Dataset records
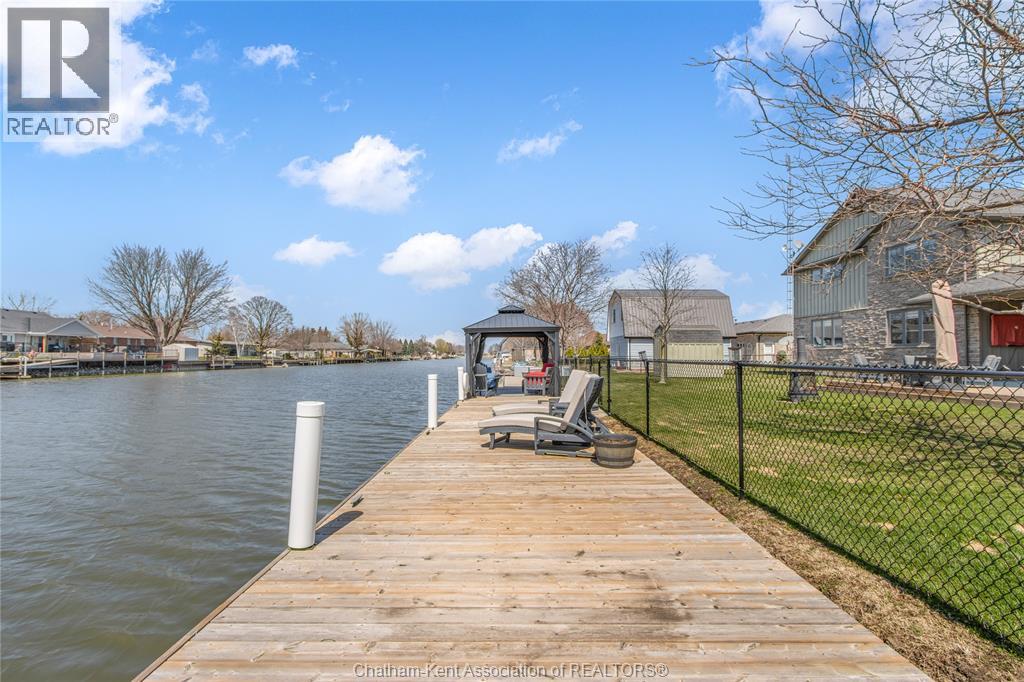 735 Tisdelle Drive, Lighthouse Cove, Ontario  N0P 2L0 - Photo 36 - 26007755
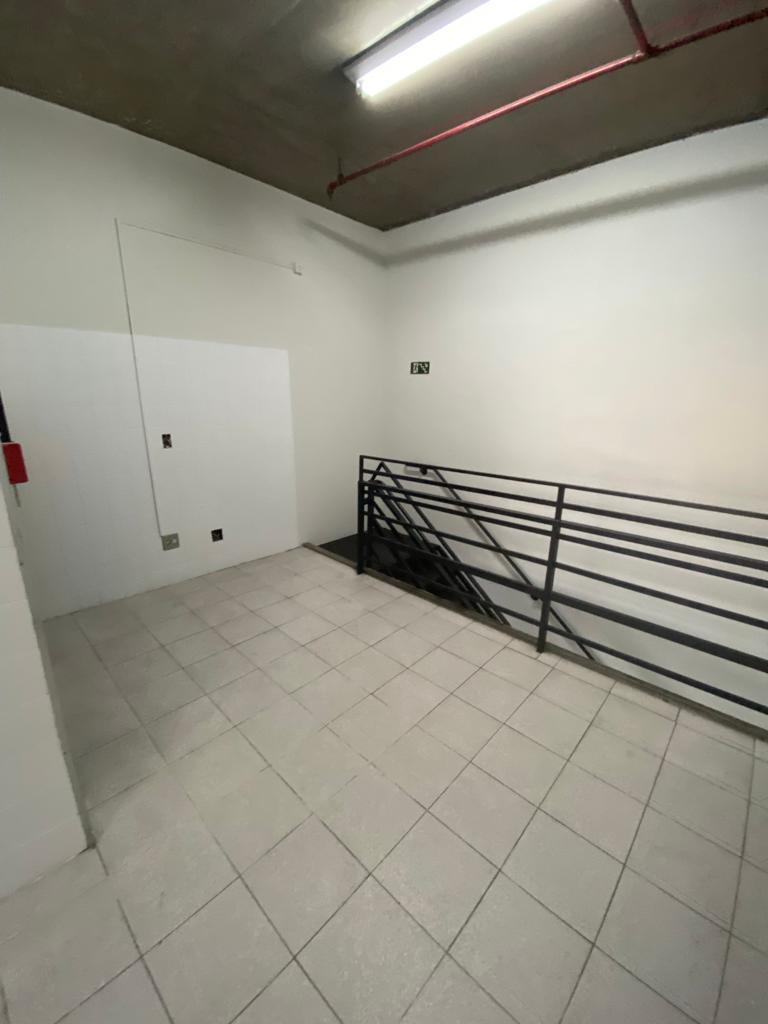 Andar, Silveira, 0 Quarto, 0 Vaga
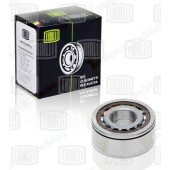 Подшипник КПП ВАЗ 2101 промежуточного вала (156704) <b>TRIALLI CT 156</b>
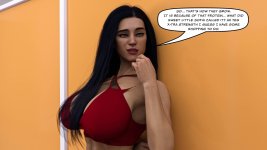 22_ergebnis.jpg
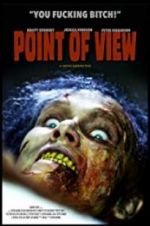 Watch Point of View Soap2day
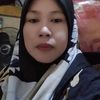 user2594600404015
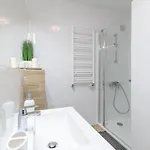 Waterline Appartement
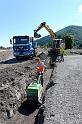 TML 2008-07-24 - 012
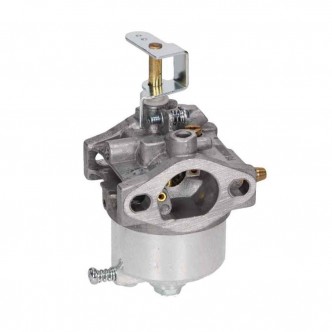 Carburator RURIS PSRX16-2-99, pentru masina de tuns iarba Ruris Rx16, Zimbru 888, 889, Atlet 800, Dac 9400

* * *

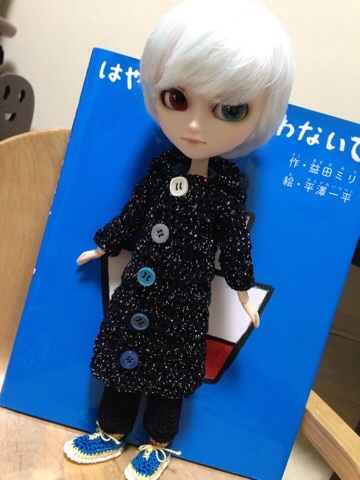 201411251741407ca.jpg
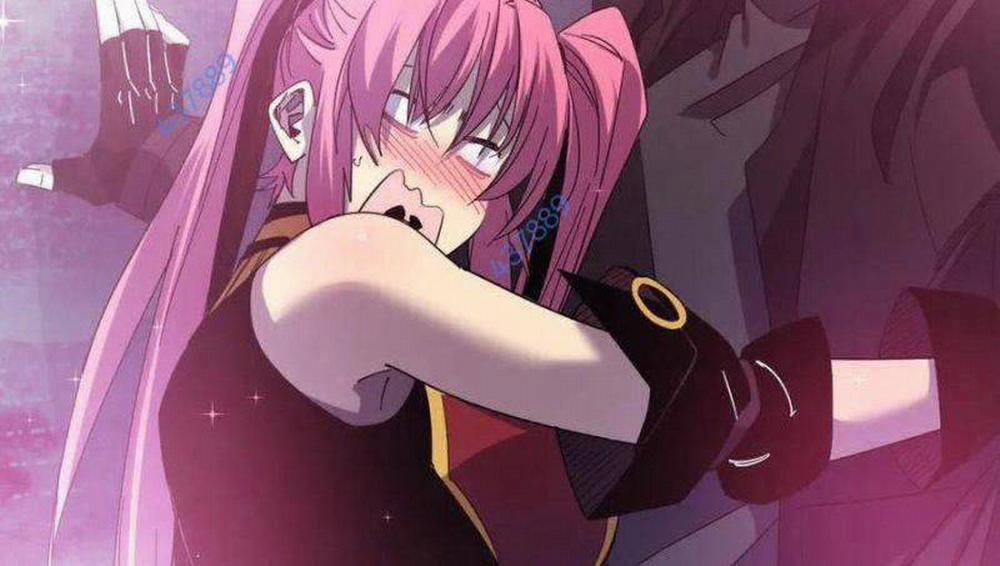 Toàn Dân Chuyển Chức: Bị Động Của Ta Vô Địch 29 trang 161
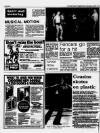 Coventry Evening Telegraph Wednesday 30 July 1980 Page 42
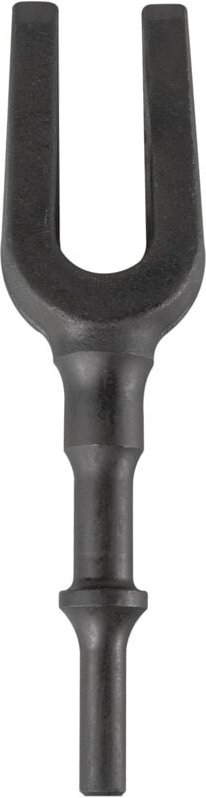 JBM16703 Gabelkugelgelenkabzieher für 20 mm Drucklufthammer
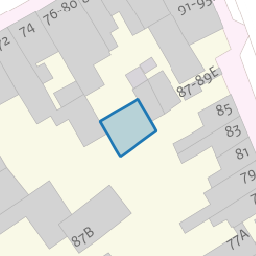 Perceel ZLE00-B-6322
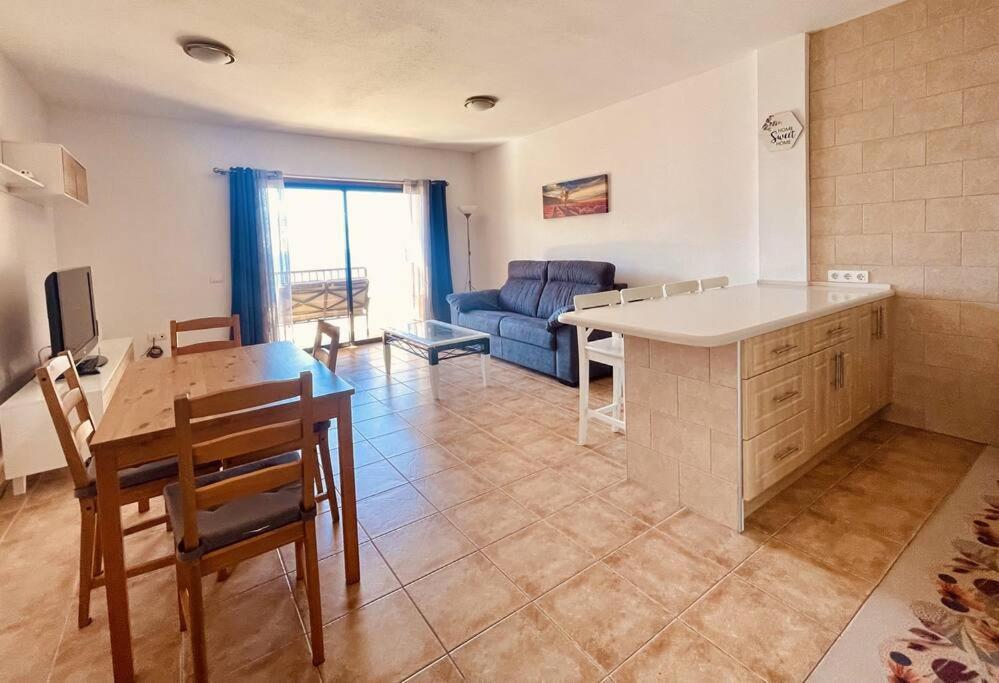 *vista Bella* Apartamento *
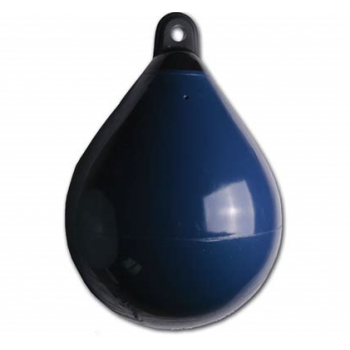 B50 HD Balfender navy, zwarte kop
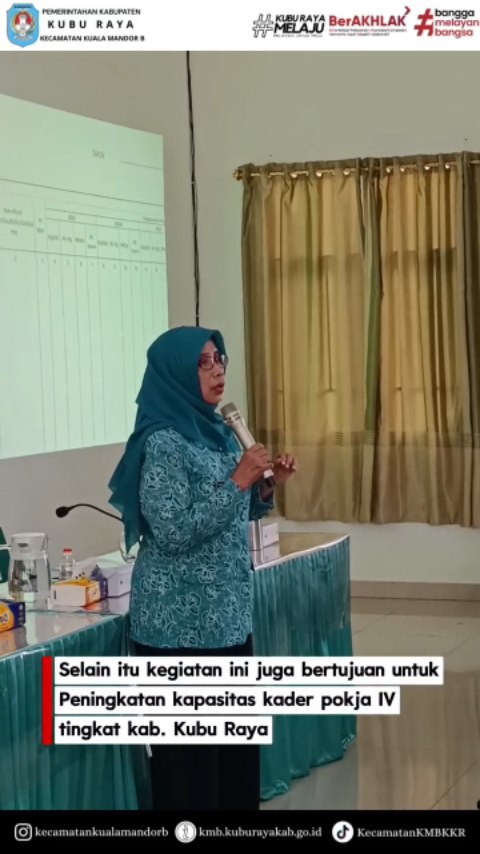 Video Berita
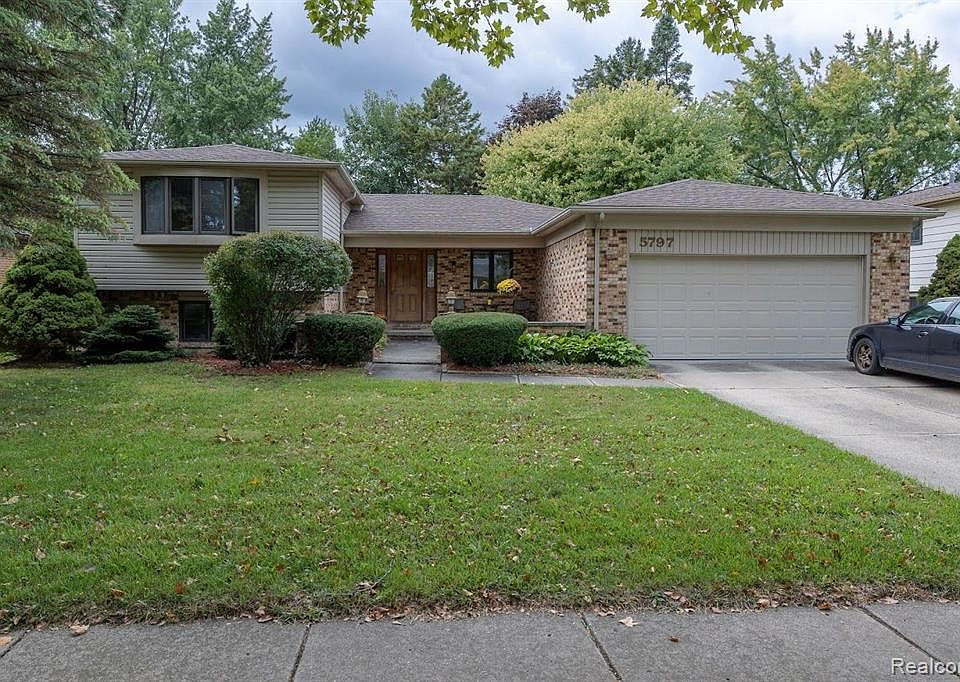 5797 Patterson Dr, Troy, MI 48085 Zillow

* * *

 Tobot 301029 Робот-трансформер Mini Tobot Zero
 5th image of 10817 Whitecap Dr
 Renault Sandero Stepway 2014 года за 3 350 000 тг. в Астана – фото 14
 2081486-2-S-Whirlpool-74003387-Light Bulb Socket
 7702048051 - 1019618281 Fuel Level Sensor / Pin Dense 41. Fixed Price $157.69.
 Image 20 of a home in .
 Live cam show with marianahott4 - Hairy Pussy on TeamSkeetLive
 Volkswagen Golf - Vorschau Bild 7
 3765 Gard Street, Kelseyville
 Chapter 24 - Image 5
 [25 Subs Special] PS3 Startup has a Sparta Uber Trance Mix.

Exercise directions: From the entries above, print the lines beginning at the one with "3765 Gard Street, Kelseyville" and stopping after the one with "[25 Subs Special]", exactly as written and with nothing else.

Expected answer:
 3765 Gard Street, Kelseyville
 Chapter 24 - Image 5
 [25 Subs Special] PS3 Startup has a Sparta Uber Trance Mix.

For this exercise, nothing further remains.